_WHAT YOU ARE ASKED TO DO:_
Below are several entries. Transcribe exactly those lines that fall from the one with "Pamer Perut di" through the one with "On Black Gray", end lines included.

_DATASET EXTRACT:_
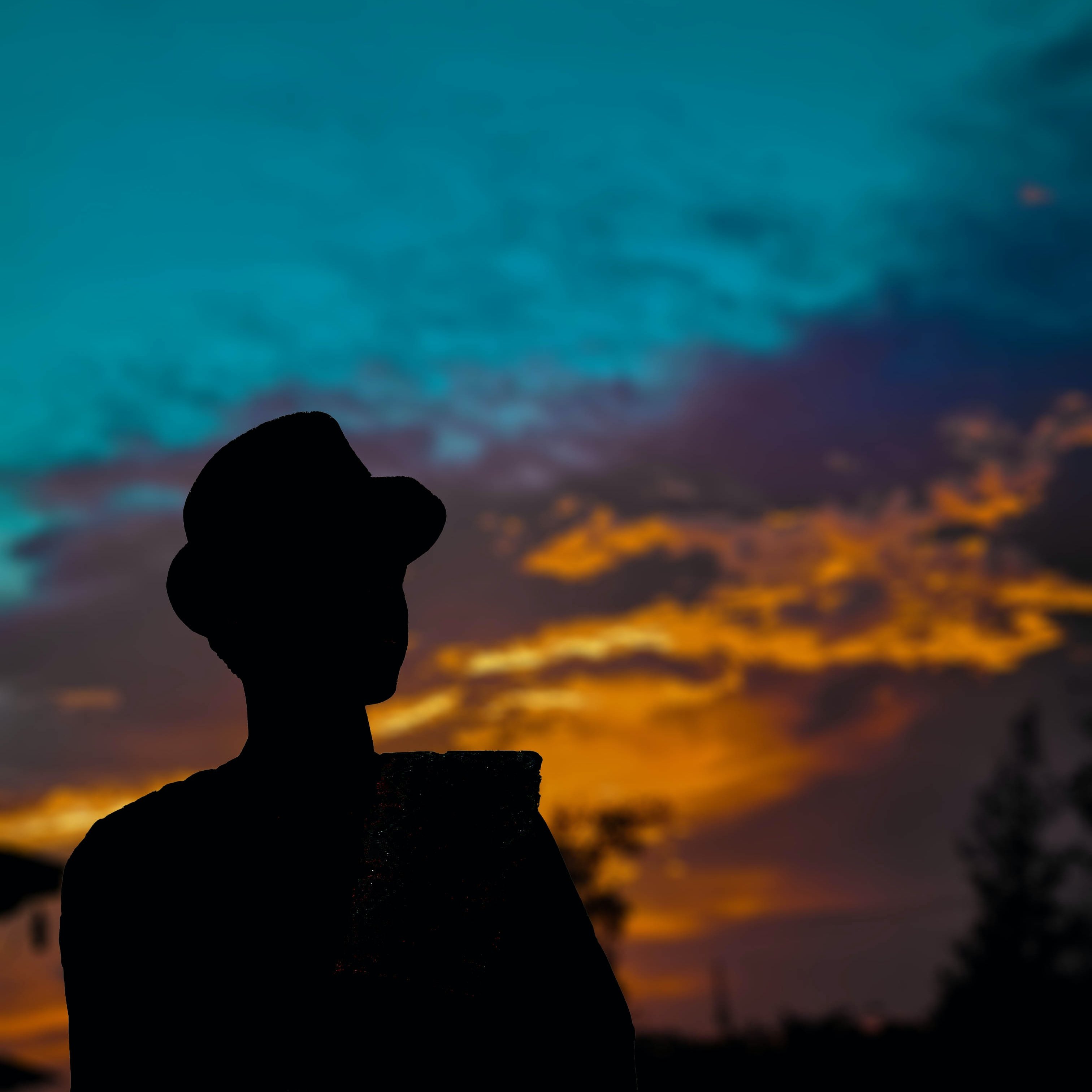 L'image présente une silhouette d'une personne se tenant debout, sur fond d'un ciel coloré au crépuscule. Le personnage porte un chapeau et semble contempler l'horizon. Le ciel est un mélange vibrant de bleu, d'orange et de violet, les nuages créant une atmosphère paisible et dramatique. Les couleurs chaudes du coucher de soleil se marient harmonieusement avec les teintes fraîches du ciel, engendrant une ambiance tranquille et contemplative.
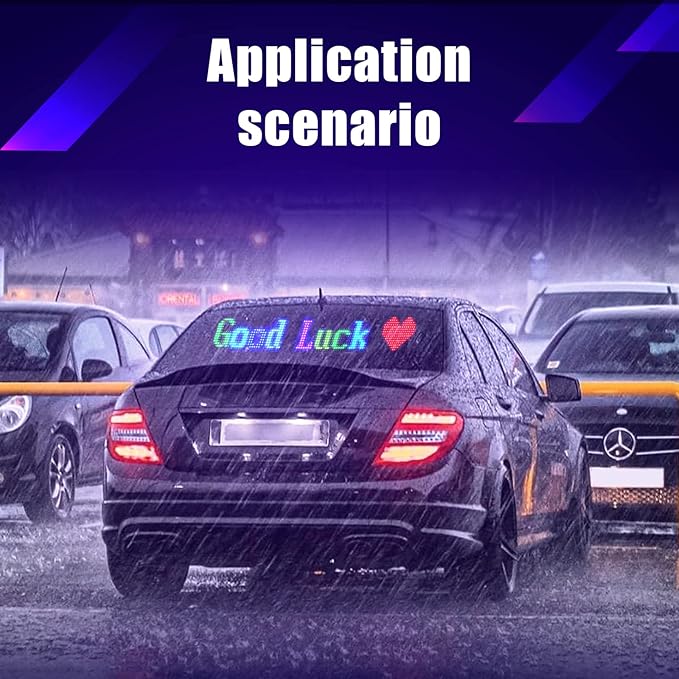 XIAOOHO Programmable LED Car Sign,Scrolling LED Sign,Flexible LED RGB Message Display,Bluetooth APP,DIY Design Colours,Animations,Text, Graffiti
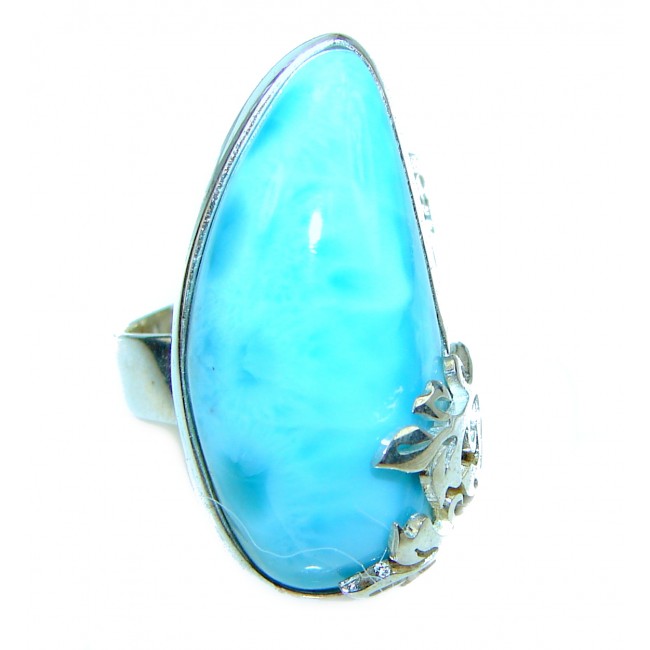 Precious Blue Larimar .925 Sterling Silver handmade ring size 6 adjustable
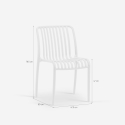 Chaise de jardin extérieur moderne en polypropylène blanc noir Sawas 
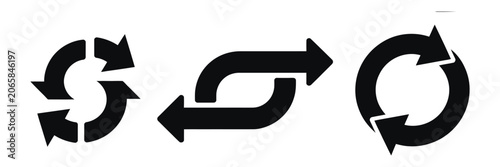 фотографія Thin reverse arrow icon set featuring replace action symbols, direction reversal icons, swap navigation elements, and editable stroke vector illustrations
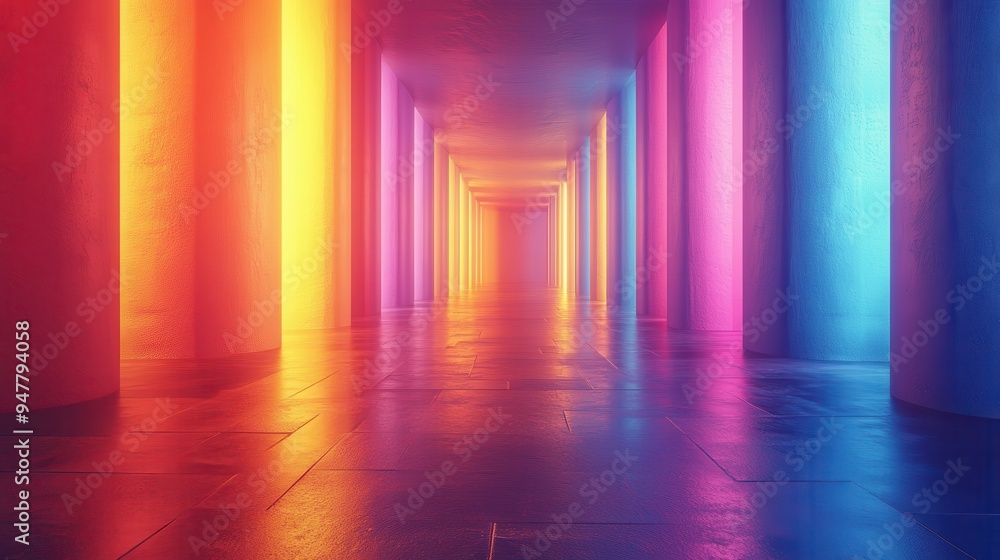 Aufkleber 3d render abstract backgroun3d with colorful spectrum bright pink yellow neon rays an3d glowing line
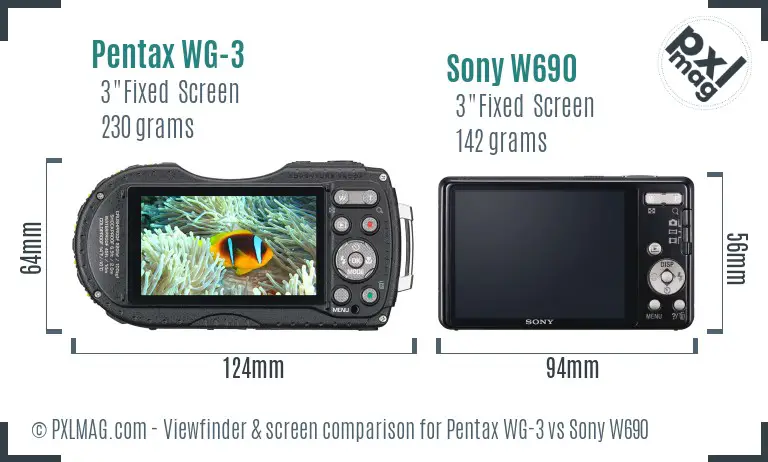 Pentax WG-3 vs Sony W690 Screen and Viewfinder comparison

==

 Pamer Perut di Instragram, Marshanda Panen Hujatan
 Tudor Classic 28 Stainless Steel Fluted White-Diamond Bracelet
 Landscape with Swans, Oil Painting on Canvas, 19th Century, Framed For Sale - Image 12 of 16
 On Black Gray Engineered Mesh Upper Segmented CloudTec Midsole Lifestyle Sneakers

* * *

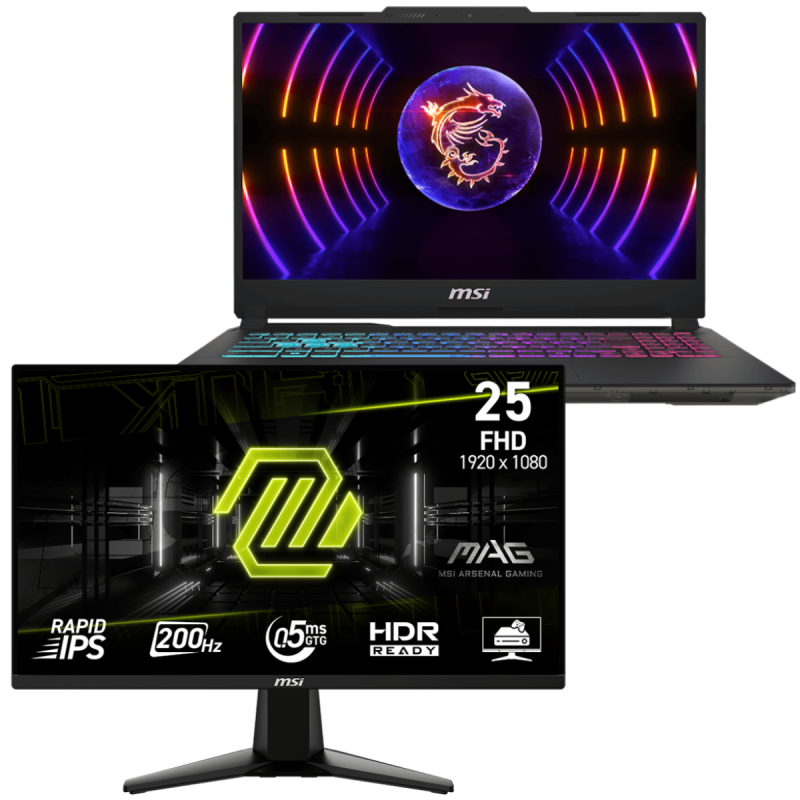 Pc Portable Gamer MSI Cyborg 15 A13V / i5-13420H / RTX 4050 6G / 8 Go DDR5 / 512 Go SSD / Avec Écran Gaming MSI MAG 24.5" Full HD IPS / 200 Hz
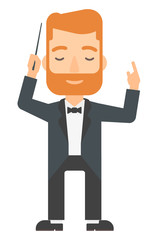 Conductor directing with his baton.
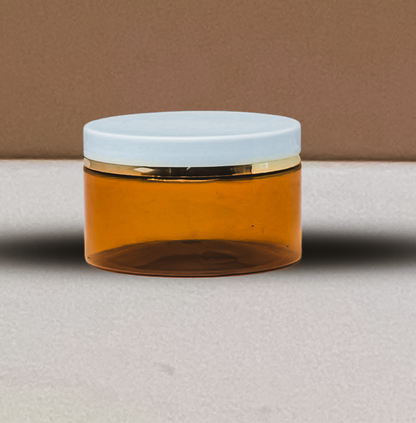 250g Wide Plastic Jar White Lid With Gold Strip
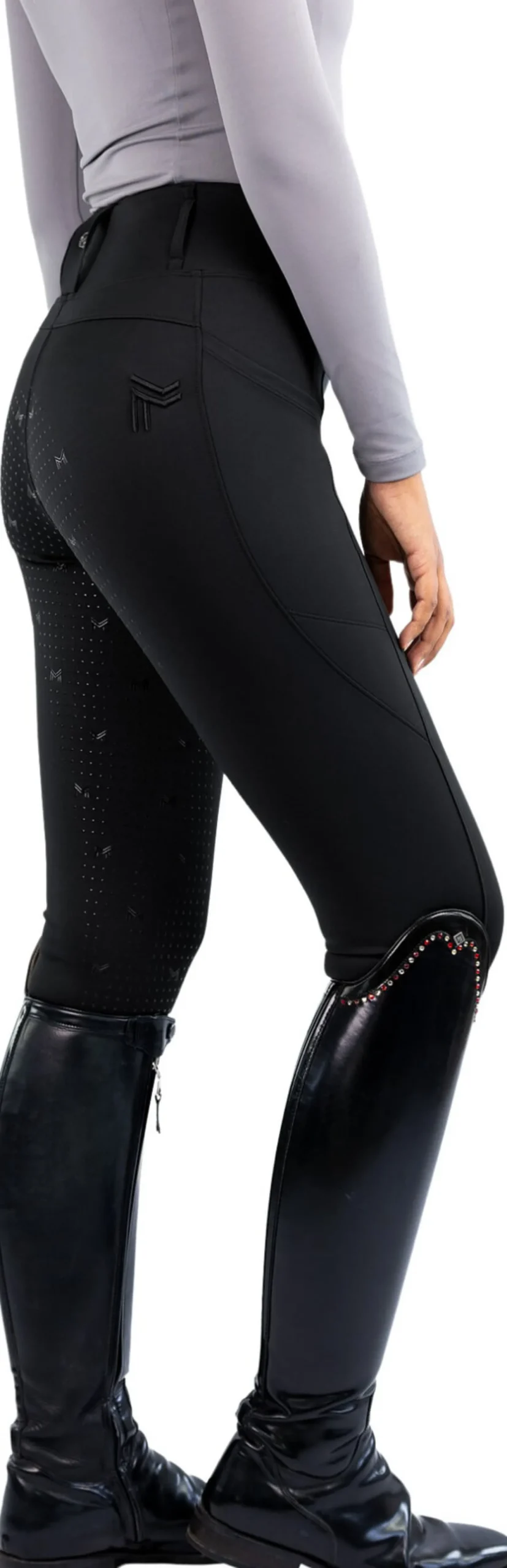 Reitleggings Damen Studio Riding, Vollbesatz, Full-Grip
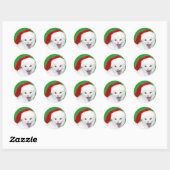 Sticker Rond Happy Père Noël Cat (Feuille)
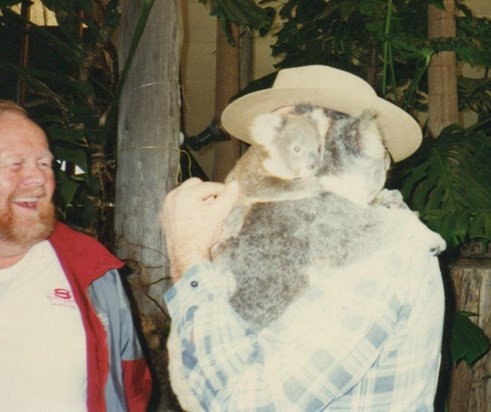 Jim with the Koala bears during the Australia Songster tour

_EXERCISE RESPONSE:_
 Pamer Perut di Instragram, Marshanda Panen Hujatan
 Tudor Classic 28 Stainless Steel Fluted White-Diamond Bracelet
 Landscape with Swans, Oil Painting on Canvas, 19th Century, Framed For Sale - Image 12 of 16
 On Black Gray Engineered Mesh Upper Segmented CloudTec Midsole Lifestyle Sneakers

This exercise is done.